Successful Treatment of Intractable Low Back and Pelvic Pain Caused by Advanced Prostate Cancer with Intrathecal Clonidine and Baclofen Infusion

Hai Nan Liu, Hao Chen, Jessica Hamilton and Xiulu Ruan

Background: Intrathecal opioid infusion therapy has been increasingly utilized in patients with severe malignant and nonmalignant pain syndromes in the past few decades. By infusing small amount of analgesics directly into the cerebrospinal fluid (CSF) in close proximity to the receptor site in the spinal cord, spinally mediated analgesia may be achieved while sparing some of the side effects due to systemic opioids. Traditionally, the most commonly infused analgesic for intrathecal infusion is an opioid. Morphine represents the only FDA-approved opioid for intrathecal administration, although other opioids may also be used off-label. However, in patients who have demonstrated intolerance to oral opioid(s), alternative analgesics may be tried to achieve satisfactory analgesia.
Objective: To present a case report of a 73-year old male with intractable low back and pelvic pain due to invasive prostate cancer, unable to tolerate any opioid, being successfully treated by intrathecal infusion of clonidine and baclofen. Case Report: A 73-year-old male with intractable low back pain and pelvic pain due to invasive prostate cancer was referred to our clinic for pain management. The patient had undergone hormonal therapy, radiation therapy, radical prostectomy, and rectal resection. Trial of non-opioid analgesics was unsuccessful in controlling his pain. Multiple opioids trials were complicated by persistent nausea and vomiting. Other interventional techniques were attempted, but only offered short-term efficacy. Intraspinal drug delivery (IDD) therapy was considered and attempted. Considering his intolerance to various oral opioids despite meticulous opioid dose titration, an outpatient continuous epidural infusion of clonidine was conducted, which provided satisfactory analgesia. The patient subsequently underwent permanent IDD pump placement.
Results: The intrathecal infusion of clonidine was initiated at 50 mcg/day.
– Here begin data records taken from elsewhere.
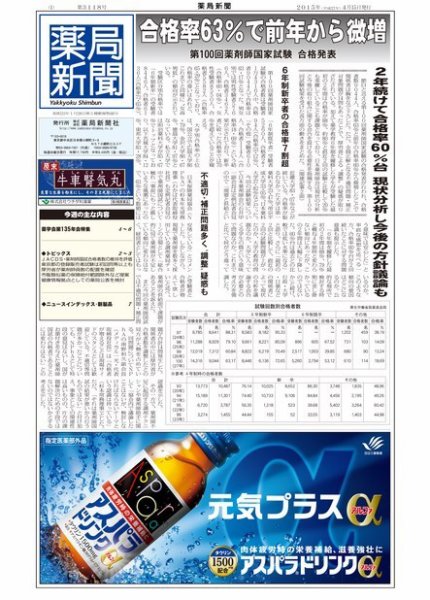 薬局新聞 2015年04月15日発売号 表紙
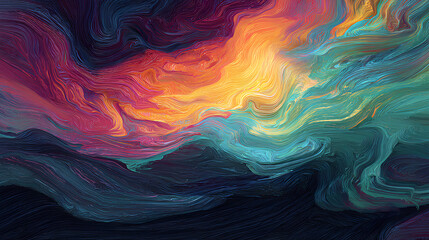 Wall Mural - Flowing Vibrant Colors Over a Dark Surface Stock Illustration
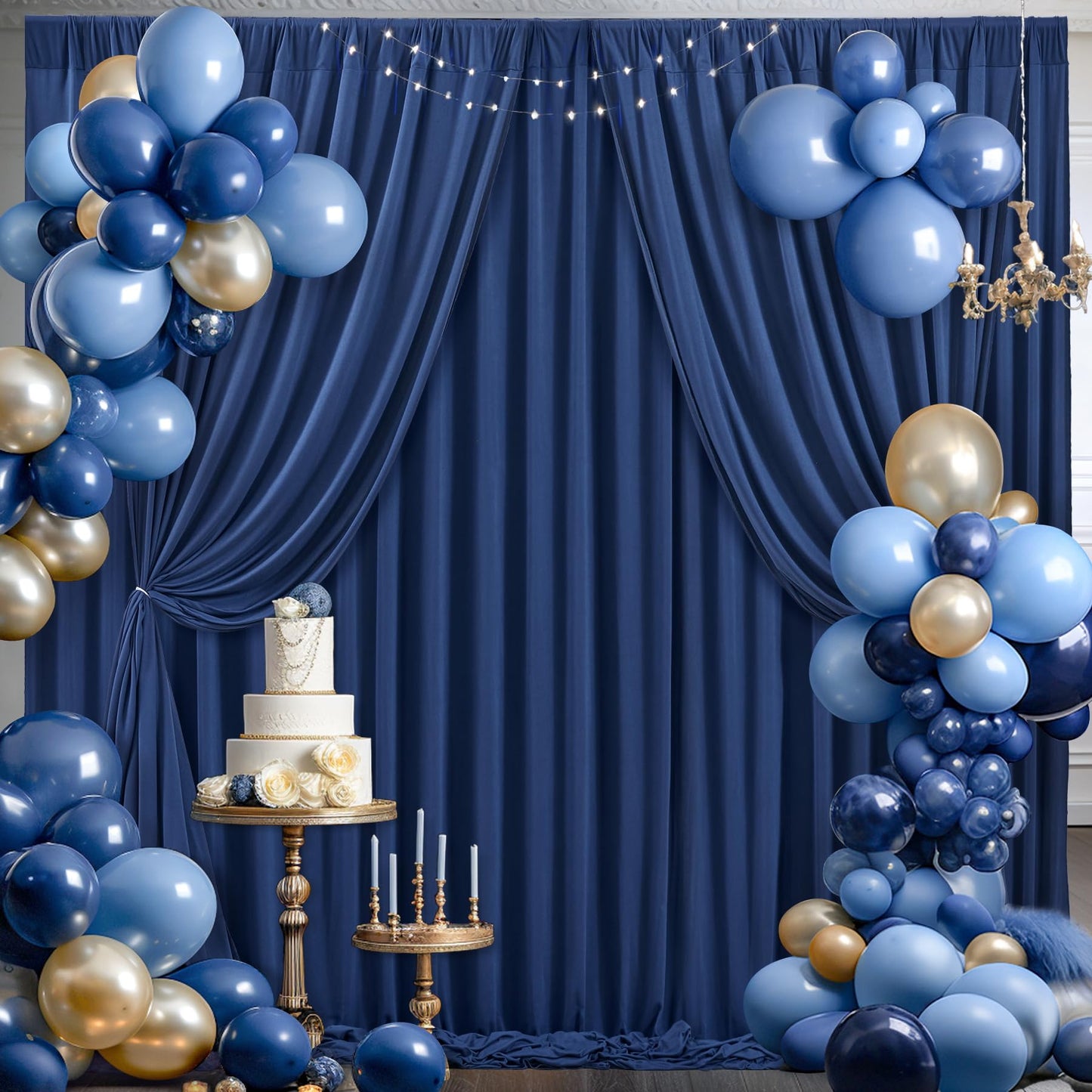 24 x 10ft Navy Blue Backdrop Curtains for Graduations Celebration Polyester Photo Backdrop Curtains No-Wrinkle Long Curtains for Parties Decorations Retirement Birthday Wedding Photoshoot, 6 Panels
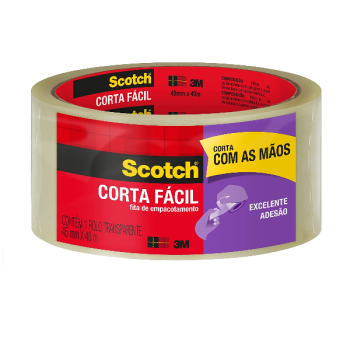 3M, Scotch, Fita de Empacotamento, Corta Fácil – 45mm x 40m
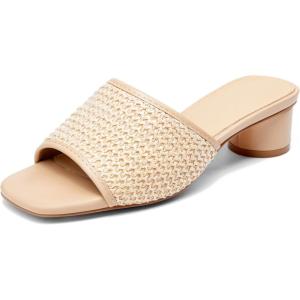 Coutgo Womens Slide Sandals Mesh Chunky Heels Mules Square Open Toe Slip On Summer Dress Shoes(Raffia Apricot)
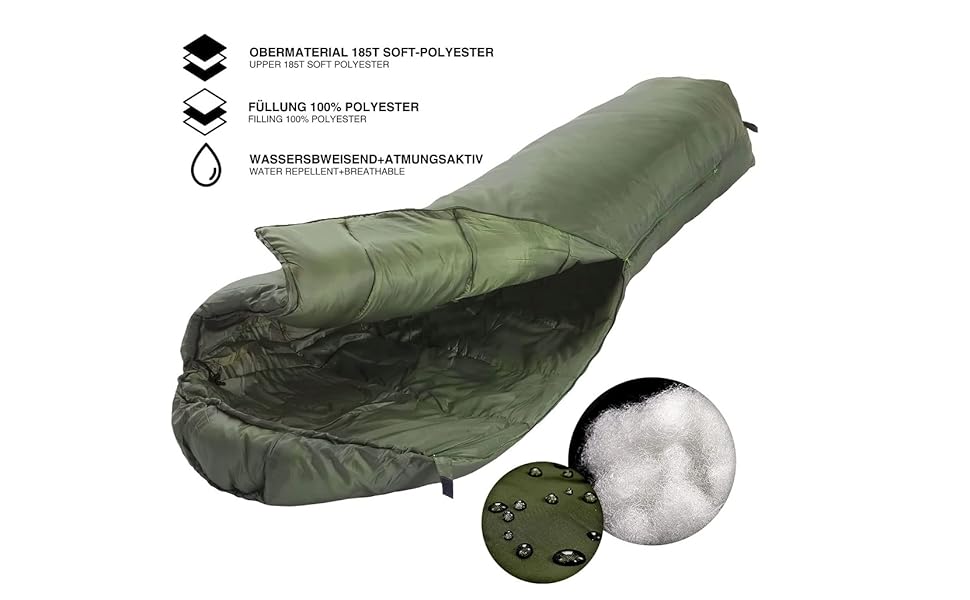 Сплячий мішок Mumiensack Thermo 3-сезонний High-Tech з мікрофібри до -13°C; Легкий, компактний, теплий (Оливковий зелений)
Over the following 4 months, the dosage was gradually titrated up to 350 mcg/day, with satisfactory pain relief. However, he did report frequent drowsiness during daytime, which was felt to be due to intrathecal clonidine. The decision to add low dose baclofen to the intrathecal infusion and simultaneously lower the clonidine dose was made. The intrathecal regimen was changed to clonidine 150 mcg/day and baclofen 50 mcg/day. His daytime sleepiness improved significantly and his pain control remained satisfactory. Over the following 3 months, his intrathecal regimen was further titrated to clonidine 200 mcg/day and baclofen 100mcg/day. He remained on this regimen for over 12 months with satisfactory pain relief and without experiencing excessive sedation. Addition of baclofen to intrathecal clonidine infusion led to improved analgesia without affecting his alertness, probably via a synergistic mechanism.
Conclusion: Under certain circumstance when intrathecal opioid infusion cannot be tolerated, intrathecal clonidine and baclofen may be used as alternatives to provide spinally mediated antinociception.